Skip to content

Conversation

@arily
Copy link
Contributor

@arily arily commented Apr 27, 2025

Describe your changes

  • recalculate user statistics using SQL, instead of pulling all scores from db to do the calculations, speeds up score submission
  • use incr operations on map statistics to avoid race condition

Related Issues / Projects

Checklist

  • I've manually tested my code

@arily arily force-pushed the akat-master-0428-update-stat-sql branch 2 times, most recently from edd2956 to 37b84f2 Compare April 29, 2025 20:12
return cast(Stat | None, stat)


async def sql_recalculate_mode(player_id: int, mode: int) -> None:
Copy link
Member

@cmyui cmyui Apr 30, 2025

Choose a reason for hiding this comment

The reason will be displayed to describe this comment to others. Learn more.

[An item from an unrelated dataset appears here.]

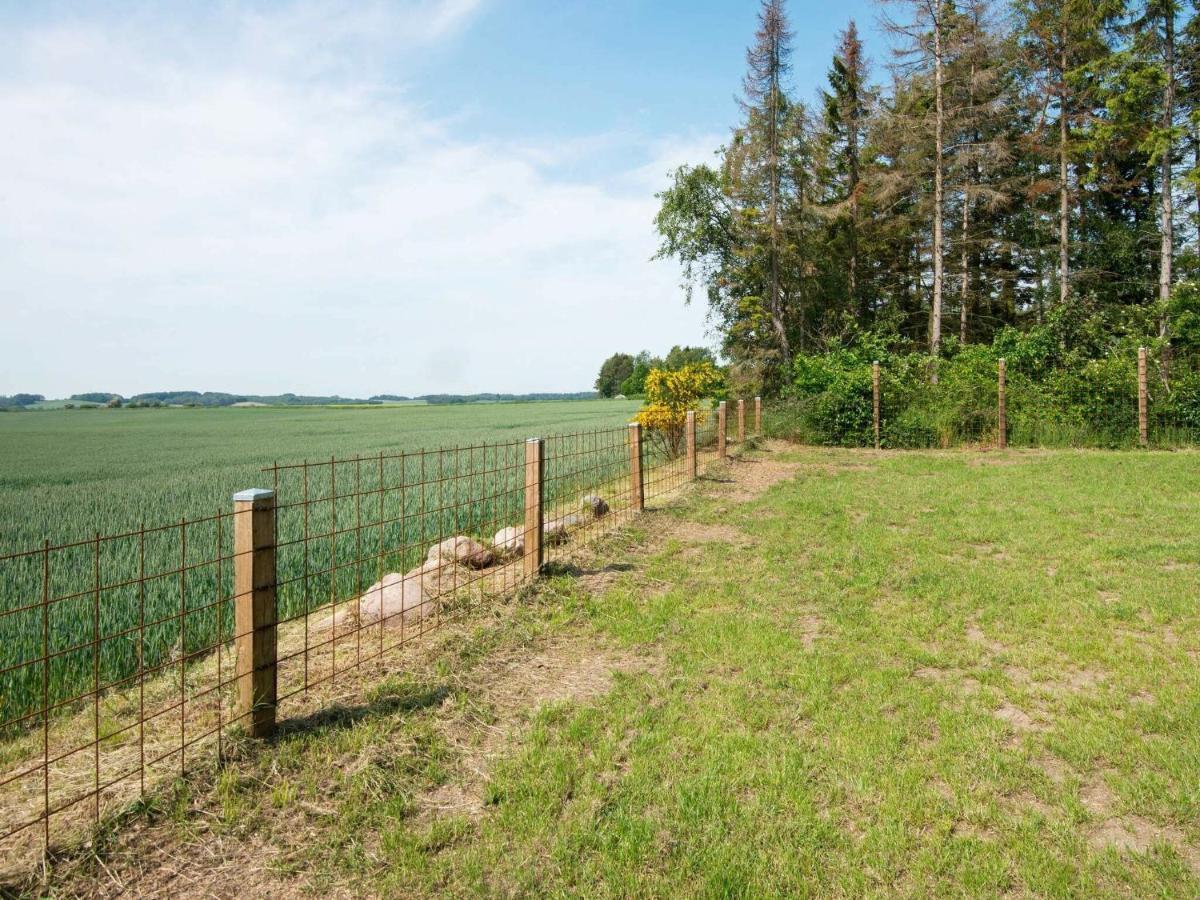 10 Person Holiday Home In Glesborg Zimmer foto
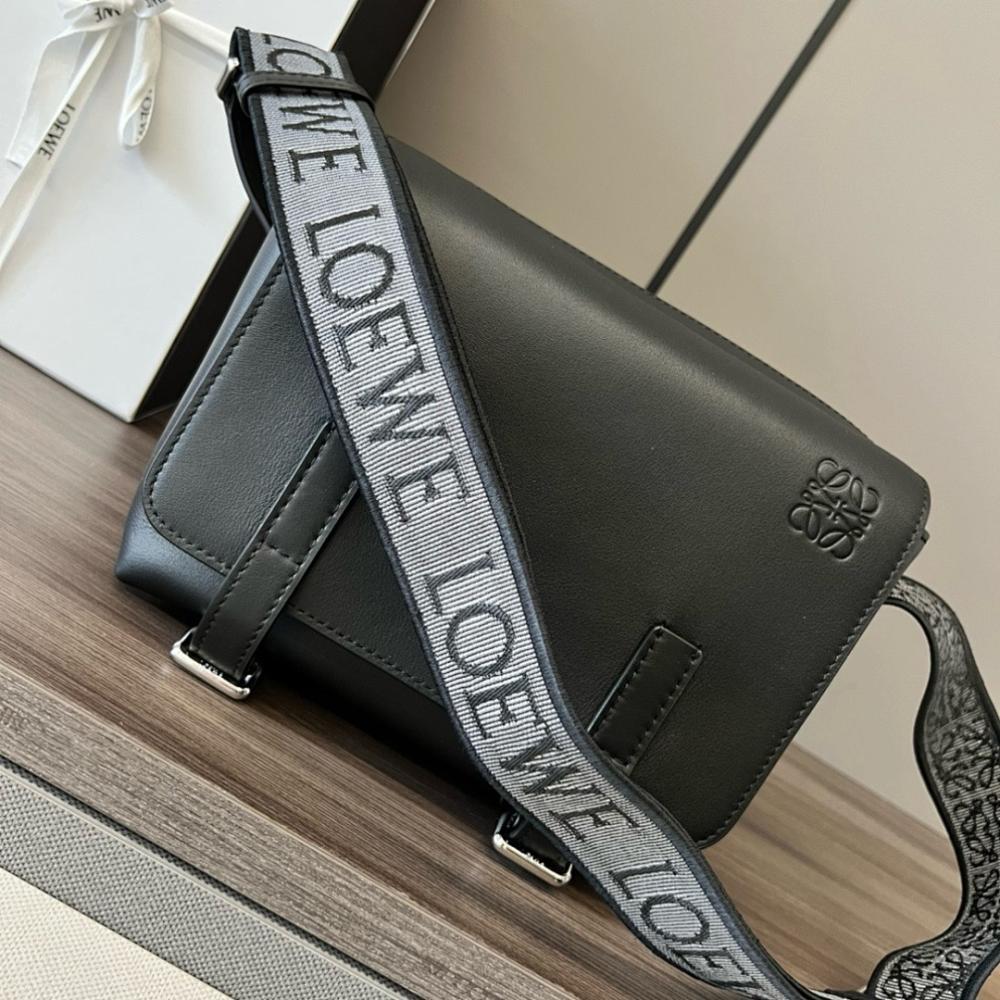 Elegant Leather Shoulder Bag 24.5x18x10.5cm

While I agree this is objectively better from a performance and atomicity perspective, I feel that most developers will have more trouble maintaining this, it's relatively complex sql and the procedural code (in python) I suspect is a more common of a skillset for the devs who work on b.py (and maintainability is the #1 goal for b.py)

Copy link
Contributor Author

@arily arily Apr 30, 2025

Choose a reason for hiding this comment

The reason will be displayed to describe this comment to others. Learn more.

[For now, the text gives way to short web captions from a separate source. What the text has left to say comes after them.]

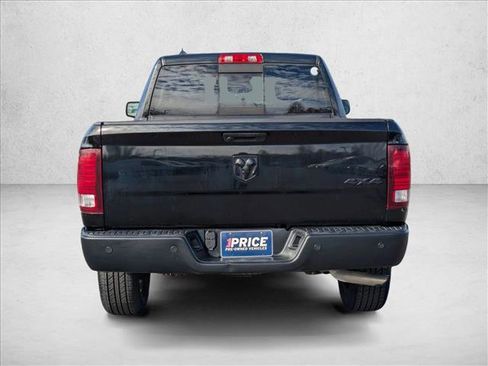 Used 2019 RAM 1500 Classic Warlock w/ Luxury Group image 6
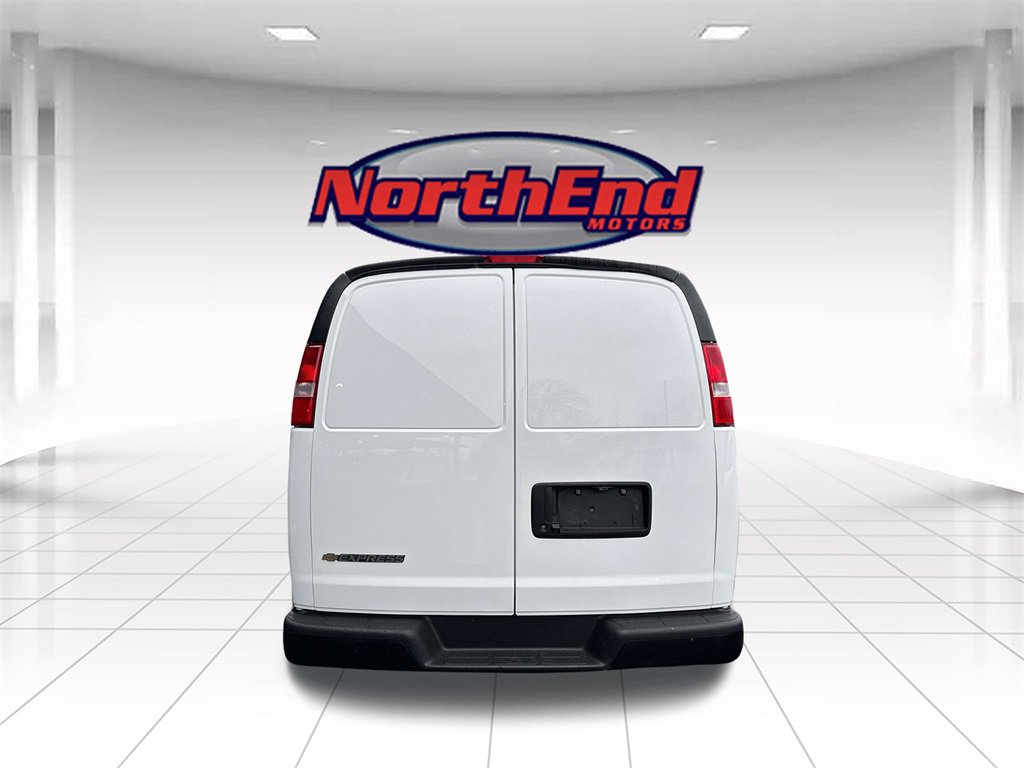 Used 2023 Chevrolet Express 2500 Extended w/ Driver Convenience Package image 4
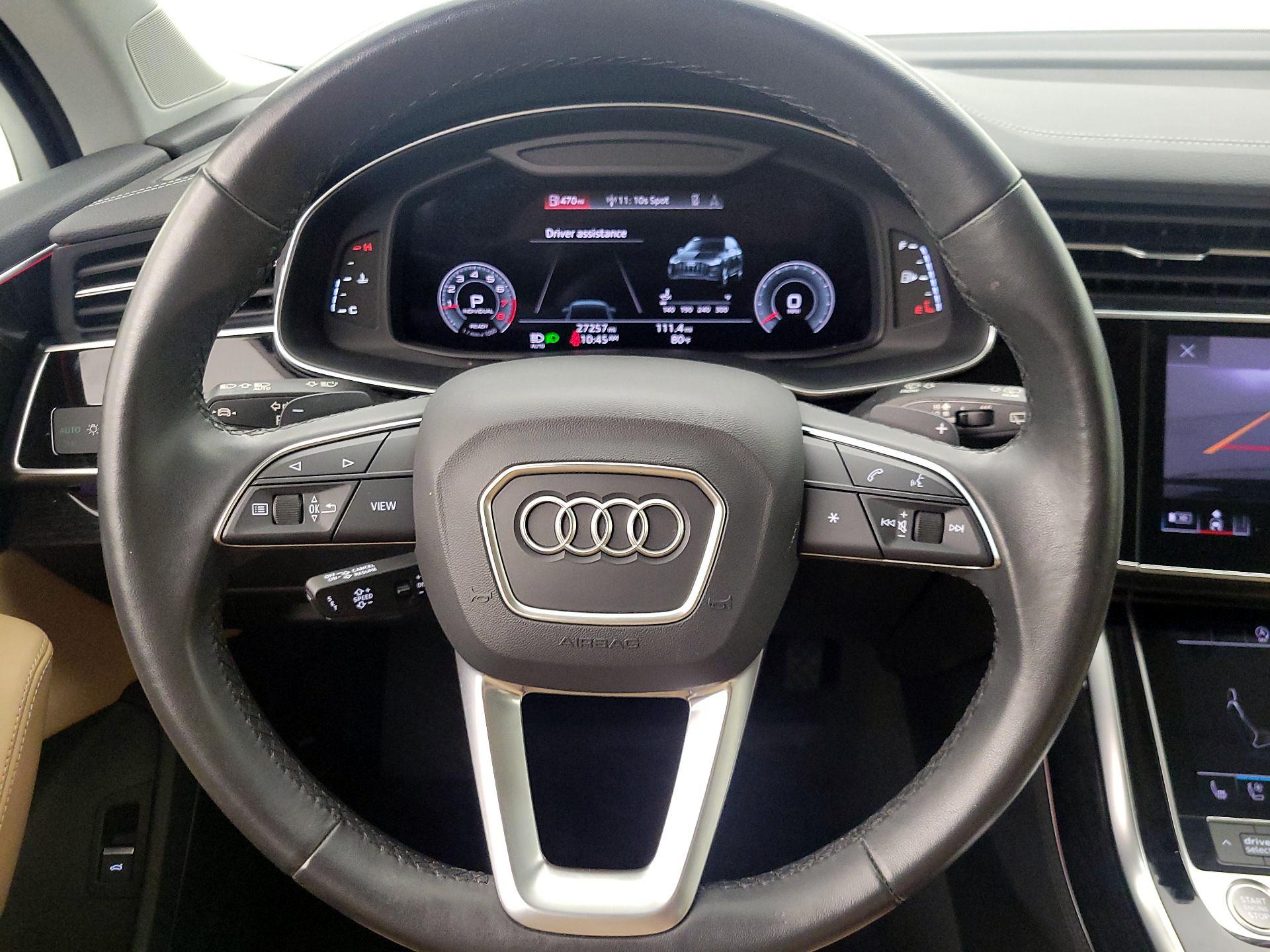 Thumbnail: 2023 Audi Q7 - 10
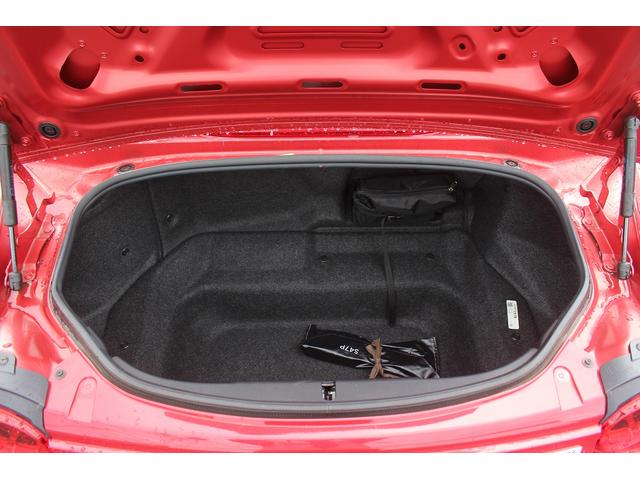 ロードスター  6速マニュアル車/純正ナビ/ETC/Bluetoot接続/純正16インチアルミホイール/スマートキープッシュスタート/オートライト/LEDヘッドライト/スマートキー(52枚目)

We can have a scaled down version (which only calculates pp and pp acc), or split query into smaller ones.

async def sql_recalculate_mode_pp(player_id: int, mode: int) -> None:
    sql = f"""
    WITH 
    ordered_pp AS (
        SELECT
            s1.id scoreId,
            s1.userid,
            s1.mode,
            s1.pp,
            s1.acc
        FROM
            scores s1
        INNER JOIN maps m ON s1.map_md5 = m.md5
        WHERE
            s1.status = 2
            AND m.status IN (2, 3)
            AND s1.pp > 0
            AND s1.mode = :mode
            AND s1.userid = :user_id
        ORDER BY
            s1.pp DESC,
            s1.acc DESC,
            s1.id DESC
    ),
    bests AS (
        SELECT
            scoreId,
            pp,
            acc,
            ROW_NUMBER() OVER (
                ORDER BY
                    pp DESC
            ) AS global_rank
        FROM
            ordered_pp
    ),
    user_calc AS (
        SELECT
            COUNT(*) AS count,
            SUM(POW (0.95, global_rank - 1) * pp) AS weightedPP,
            (1 - POW (0.9994, COUNT(*))) * 416.6667 AS bnsPP,
            SUM(POW (0.95, global_rank - 1) * acc) / SUM(POW (0.95, global_rank - 1)) AS acc
        FROM
            bests
    ),
    calculated AS (
        SELECT
            *,
            weightedPP + bnsPP AS pp
        FROM
            user_calc
    )
UPDATE stats s
INNER JOIN calculated c ON 1
SET
    s.pp = c.pp,
    s.acc = c.acc
WHERE s.id = :user_id AND s.mode = :mode
    """

    _ = await app.state.services.database.execute(
        sql, {"user_id": player_id, "mode": mode}
    )

async def sql_recalculate_mode_statistics(player_id: int, mode: int) -> None:
    sql = f"""
    WITH 
    concrete_stats AS (
        SELECT
            SUM(s2.score) AS total_score,
            SUM(IF(s2.status IN (2, 3), s2.score, 0)) AS ranked_score,
            SUM(s2.n300 + s2.n100 + s2.n50 + (IF(s2.mode IN (1, 3, 5), s2.ngeki + s2.nkatu, 0))) AS total_hits,
            SUM(s2.time_elapsed) AS play_time,
            SUM(s2.grade = "XH") AS xh_count,
            MAX(s2.max_combo) AS max_combo,  
            SUM(s2.grade = "X") AS x_count,
            SUM(s2.grade = "S") AS s_count,
            SUM(s2.grade = "A") AS a_count
        FROM
            scores s2
        INNER JOIN maps m2 ON s2.map_md5 = m2.md5
        WHERE s2.mode = :mode
        AND s2.userid = :user_id
    )
UPDATE stats s
INNER JOIN concrete_stats cs ON 1
SET
    s.tscore = cs.total_score,
    s.rscore = cs.ranked_score,
    s.plays = c.count,
    s.playtime = cs.play_time,
    s.max_combo = cs.max_combo,
    s.total_hits = cs.total_hits,
    s.xh_count = cs.xh_count,
    s.x_count = cs.x_count,
    s.sh_count = cs.s_count,
    s.s_count = cs.a_count
WHERE s.id = :user_id AND s.mode = :mode
    """

    _ = await app.state.services.database.execute(
        sql, {"user_id": player_id, "mode": mode}
    )

if this is acceptable we could strike a balance between procedural code & performance.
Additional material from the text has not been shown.